After Tuesday’s performance of Mad Madge at The Theatre Centre, producer (in associaton with VideoCabaret) Nightwood Theatre organized a panel of theatre-makers to discuss the trend of fictionalized history on stage (or, put another way, an examination of coincidental aesthetic consistency in the Rose Napoli extended universe). The texts up for discussion were Kat Sandler‘s Wildwoman (a 2023 Soulpepper hit and Critics’ Pick Award nominee) and Napoli’s Mad Madge (currently barrelling towards its too-soon closing on April 21), two irreverent and unapologetic imaginings of epic and messy humanity left largely out of history books.

 

I’ve used both the word “trend” and “coincidence” in that opening paragraph, though I think more accurately the plethora of anachronistic feminist theatre is the natural effect of empowered female playwrights given both the permission to make a mess and the money to make it pretty.
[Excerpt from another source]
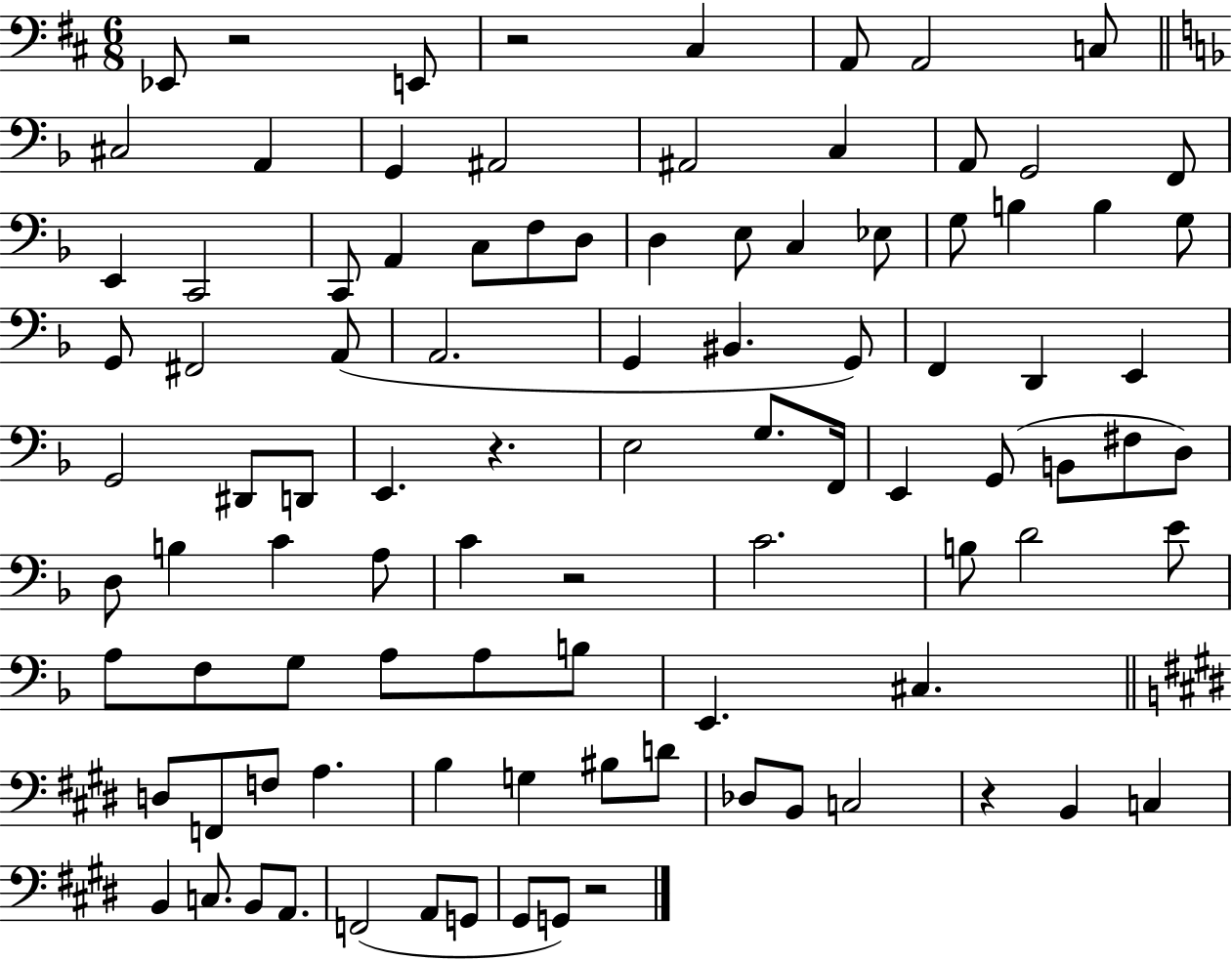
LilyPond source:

Armed with the centuries-late concept that a woman doesn’t have to be likeable to be interesting, contemporary female playwrights are turning to the past where their male counterparts have been finding heroes for years, uncovering the hidden protagonists buried in the “personal life” tab of those men’s wikipedia pages. The trend, to return to a reductive but admittedly useful word, embraces modern language and light moral presentism to illuminate the selective storytelling of history. These pieces blend meticulous research with bravura imagination to paint full portraits of women as immediately real as today’s- unladylike flesh and blood wholly unsuitable for historical document but primed for a star turn on a 2024 stage.

 

Mad Madge in particular revels in unruliness, showing as much deference to the standards of historical adaptation as its heroine does to the behavioural expectations of her society. Napoli’s script is non-linear and inconsistent in its narrative device, as brazenly fictitious as it is fascinatingly true. Breaking Margaret Cavendish and her regal contemporaries out of their poised commemoration, Napoli shows them naked, ridiculous, and shitting. Director Andrea Donaldson stages the play in the round, protecting no one’s bad side. Designers Astrid Janson, Abby Esteireiro, and Merle Harley’s costumes are historical and beautiful but also cartoonish and extreme. “Intentional Mis-casting” (meaning the tossing out of standard qualifying traits like age, gender, race, and body type) and strategic character doubling adds both Brechtian distance and thoughtful insight into power and societal acceptability. The production and performances, in every way, are rewardingly aligned with the purpose-led mischief of the play’s enchantingly disobedient ethos.

 

Napoli makes no apologies for her character’s contradictions and inconsistencies, allowing for conflicting perspectives and changed minds when neither makes for clean storytelling. Margaret Cavendish is a proud single woman who loudly announces both her opposition to marriage and uncompromising dedication to self-focused ambition as a necessity for advancement in an age of non-existent opportunities for women. Mad Madge is also a pretty swoony love story and low-key parable about compromise. The clash of those two realities is evocatively unsatisfying, as if we’re being allowed access before history’s editors clean up the narrative.

 

Lucast Hnath’s A Public Reading of an Unproduced Screenplay About the Death of Walt Disney, currently onstage in a characteristically competent production from Outside the March & Soulpepper, also plays fast and loose with the truth but offers a stark and disappointing contrast to the artful rebellion of Mad Madge.

 

Hnath’s performatively stylized dialogue and far-fetched autobiographical screenplay gimmick are irritating distractions from a play that reduces a very interesting, and very well documented, real person into a dull trope on well-trod territory. While the aforementioned feminist reimaginings use fiction to fill in under-reported history with humanizing complexity, Hnath ignores all the reportedly true messiness of Walt Disney’s life and character to speculate that he wasn’t a great dad, as if that’s an at all novel story about a man of his generation.

 

At least that dull elaboration leads to some memorable theatrical moments as the strong cast’s standout player Katherine Cullen makes a glorious meal out of her lousy nine minutes of stage time (she’s technically onstage a lot but, I counted, she’s only properly in the scene for nine minutes of the 95-minute runtime). Diego Matamoros is as compelling as ever in a standard powerful man role and it’s always a privilege to watch Anand Rajaram play obfuscated heartbreak, but this script isn’t halfway good enough for the talent attached to it.

 

So much is known about Walt Disney, and his impact on our modern world is incalculable. Without needing any of the imagination used in the retelling of Margaret Cavendish’s story, a play about the darkness and sadness and striving and ego that made Walt Disney an icon sounds like it could be brilliant. This is not that play. Cut the brand name and Hnath has written about any succesful American from the self-titled Greatest Generation, a strange shortcoming when the history books have already done half the work.